If I ever do get married and have covenant kids I would homeschool the children who Ive seen come from homschooling seem to do way better. I worked with 16 yearold who finished homeschooling and was allready on her first year of college.

Blade


----------



## RamistThomist (Sep 15, 2006)

Here is a eulogy by Mark Rushdoony which hints it. But since its a eulogy, by nature of the case, he doesn't document his sources.



> I remember when my father was not held in high esteem. Some thought he was a rogue who confused a simplistic spiritual message with this big picture and the responsibility it placed on men. *But in the 1970s when Christians were being imprisoned and children were being removed from homes and churches were being padlocked for educating children in Christian and home schools, many across the country saw a distinguished, white-haired man they had never met appear in courtrooms to act as an expert witness in their defense. My father testified in dozens of these cases, and slowly the tide turned as victory after victory was won for religious liberty*. People then saw my father in a new light. He helped them, yet made them re-examine their own beliefs. He expressed a faith that helped them take a stand based on the Word of God. Once my father was ridiculed on the witness stand by a prosecutor who sought to discredit his testimony. The prosecutor wanted my father to appear ignorant and prejudiced by saying he did not believe in evolution just because the Bible taught creation in six days. When the prosecutor cynically asked him why he did not believe in the theory of evolution, my father incredulously replied that he did not have that much faith. Many began to see that my father was a man who could teach them something about taking a stand for the Faith.



Government vs. Freedom, part one

Getting more aggressive

Out of Jail, but still in court

Mother incarcerated.

Homeschooling Family wins, but risks Jail

Many Families still face jail

several mothers sent to jail

This is all for now. I went to Homeschool Legal Defense Association and typed in "Jail" on the search engine. I stopped after 2 pages. I have 8 more to go. I will do that later.

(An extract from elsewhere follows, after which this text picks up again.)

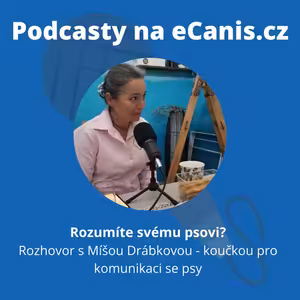 Rozumíte svému psovi?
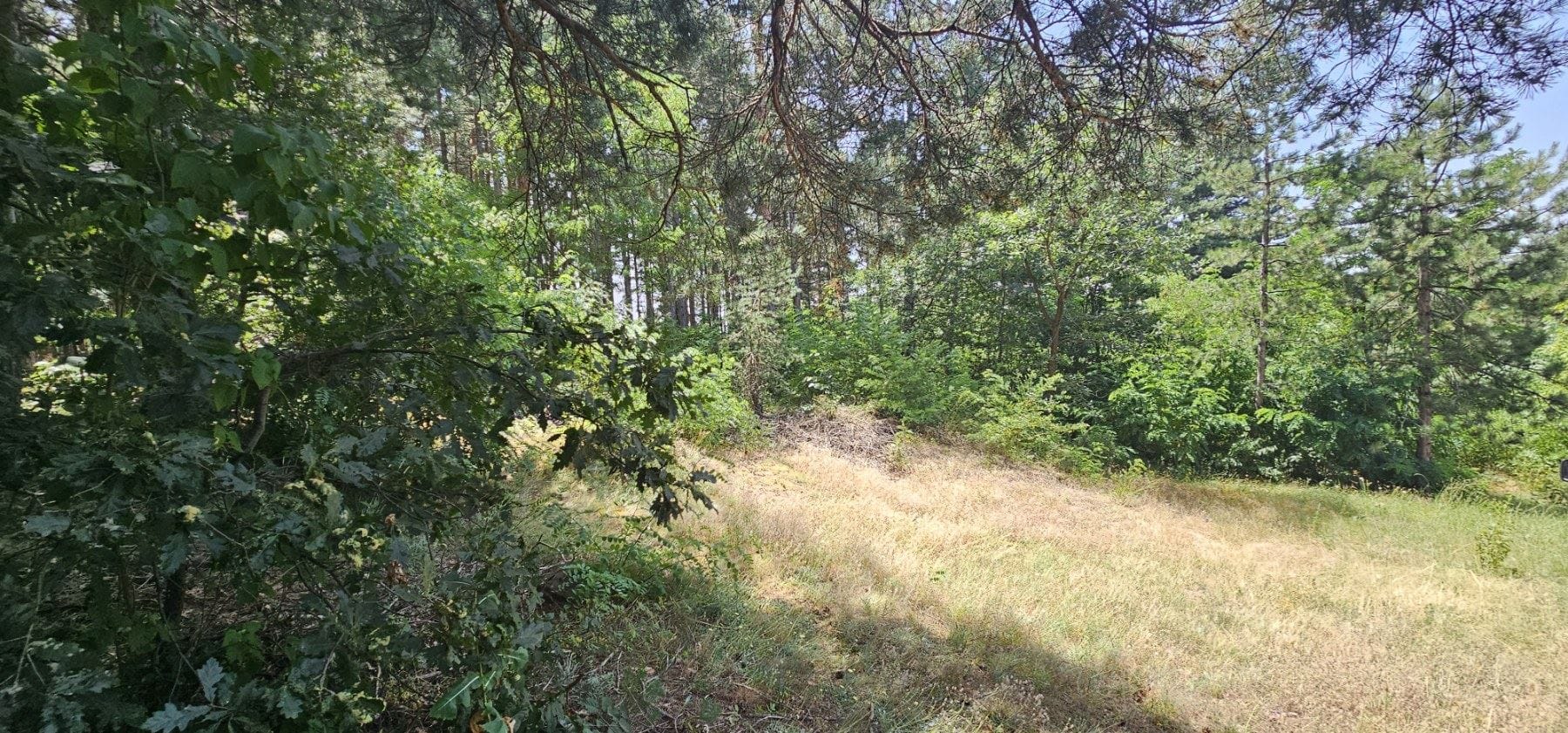 🏡 Прекрасен Парцел в Сърцето на Природата - 0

Another example, Rushdoony defends Texas homeschoolers.
Here

Here is another example of how Rushdoony wanted to live out his faith. He helps give a decisive blow to the Messianic State.


----------



## VirginiaHuguenot (Sep 15, 2006)

See also this thread.


----------



## jaybird0827 (Sep 16, 2006)

Question: 

I took a course in Comparative Education back in the 60's when I was studying for my teaching degree. We learned that in Germany at the time, students were put through various tracks that either led to going to university or, for example, learning a trade. The specific path on which they were put was determined fairly early, like around 4th grade (the equivalent). Later, I understood that it was so competitive that many kids around that age were having to take exams that determine which way they would be going and that there were a lot of suicides committed by the ones that didn't want to face disappointing results.

Does anyone know if that is still the case in Germany? Maybe the only way to "beat the system" there is if they do get away with homeschooling they have to go to another country to get a university education?


----------



## Laura (Sep 16, 2006)

Jay, my German professor was just telling us about (= bragging on) the system in class the other day, and as I understand it, yes, it is still around 5th grade when they take a sort of SAT-like test to determine their career course. Given the situation I doubt there is any provision whatsoever made for homeschooling students in higher education. I was reading about a family whose daughter managed to make it through school at home and then went to the US for college, so I suppose that's the norm for them.

(My professor is truly proud of the rigorousness of the educational system there, and some of my classmates are duly impressed, but I wonder what they would say if I pointed out that when Hitler outlawed homeschooling, he sure seemed to be strongly endorsing the public school system...)


----------



## jaybird0827 (Sep 17, 2006)

You're taking German. Awesome!

Thank you for clarifying what I thought I knew to be true. So it hasn't changed.

Also, I hope that your history books weren't the version written by the spin doctors. Because Hitler was not "strongly endorsing the public school system" at all.

Hitler mandated the State as absolute authority at gunpoint. Any who objected were promptly shot.


----------